Data excerpt —
▬▬▬
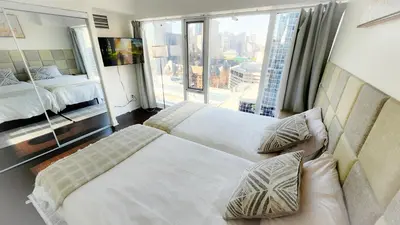 a hotel room with two beds and a large window at Pantages Skyline Suite in Toronto Centre - Free Parking in Toronto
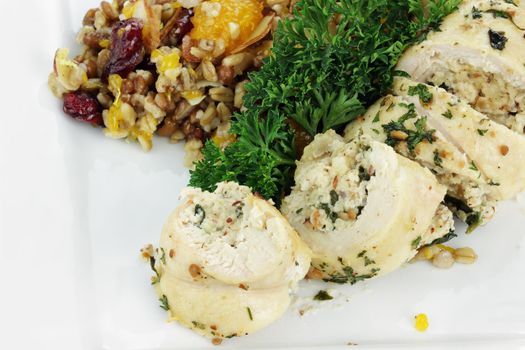 Chicken Roulade stuffed with spinach and almond paste served with pilaf with whole grains, nuts, and dried fruit.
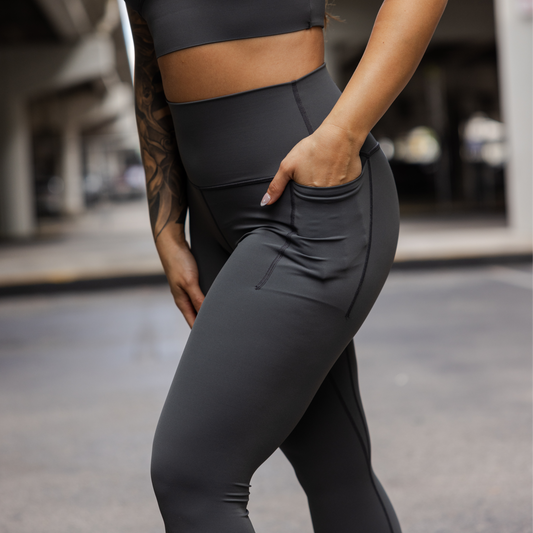 Person wearing a pair of dark gray leggings with hand in pocket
▬▬▬
Task directions — Only the pictures are to be dropped; the rest of the material above must be duplicated exactly.

Exercise response —
 a hotel room with two beds and a large window at Pantages Skyline Suite in Toronto Centre - Free Parking in Toronto
 Chicken Roulade stuffed with spinach and almond paste served with pilaf with whole grains, nuts, and dried fruit.
 Person wearing a pair of dark gray leggings with hand in pocket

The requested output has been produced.